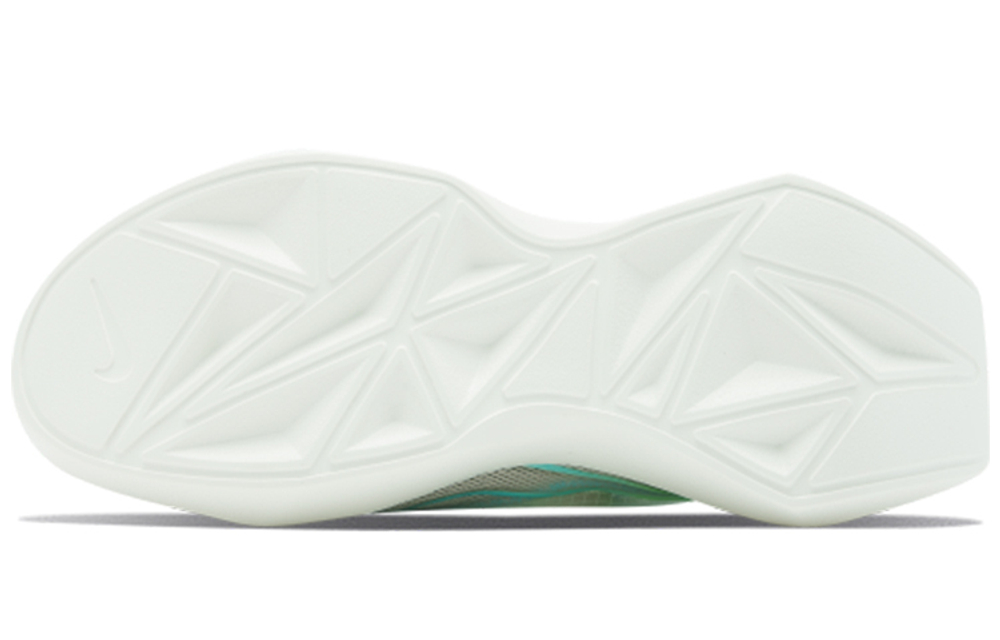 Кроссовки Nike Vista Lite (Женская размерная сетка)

********************

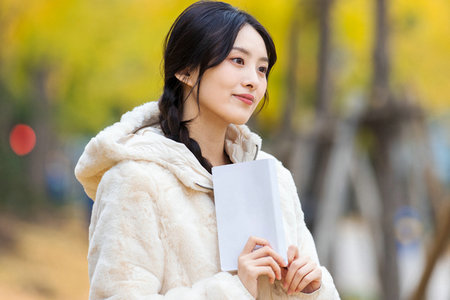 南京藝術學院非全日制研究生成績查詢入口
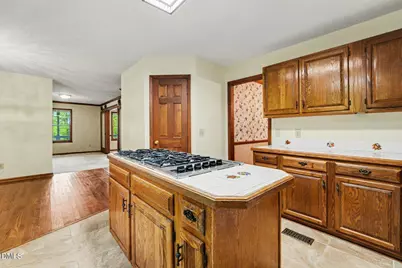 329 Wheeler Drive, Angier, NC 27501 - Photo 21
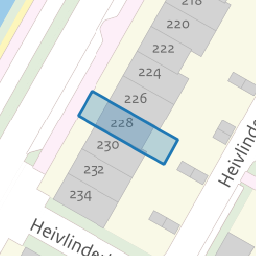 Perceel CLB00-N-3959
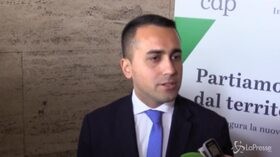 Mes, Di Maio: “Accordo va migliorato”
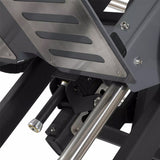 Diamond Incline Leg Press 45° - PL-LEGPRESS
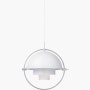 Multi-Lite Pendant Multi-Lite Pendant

********************

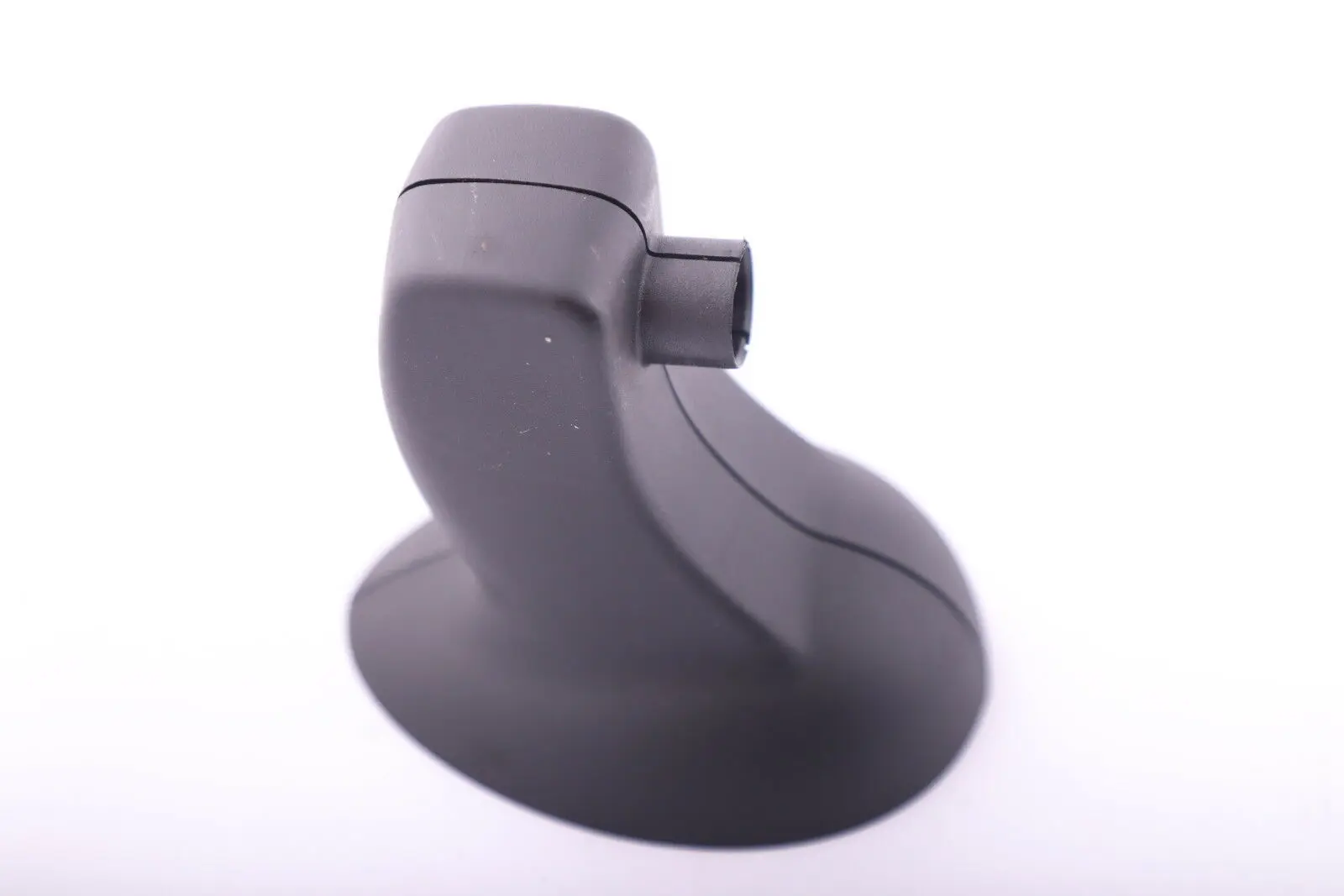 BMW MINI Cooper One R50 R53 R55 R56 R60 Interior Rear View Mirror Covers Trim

********************

Write out, word for word, the stretch of entries that begins at the line with "329 Wheeler Drive, Angier, NC" and ends at the line with "Multi-Lite Pendant Multi-Lite Pendant". Pictures do not belong in it.

 329 Wheeler Drive, Angier, NC 27501 - Photo 21
 Perceel CLB00-N-3959
 Mes, Di Maio: “Accordo va migliorato”
 Diamond Incline Leg Press 45° - PL-LEGPRESS
 Multi-Lite Pendant Multi-Lite Pendant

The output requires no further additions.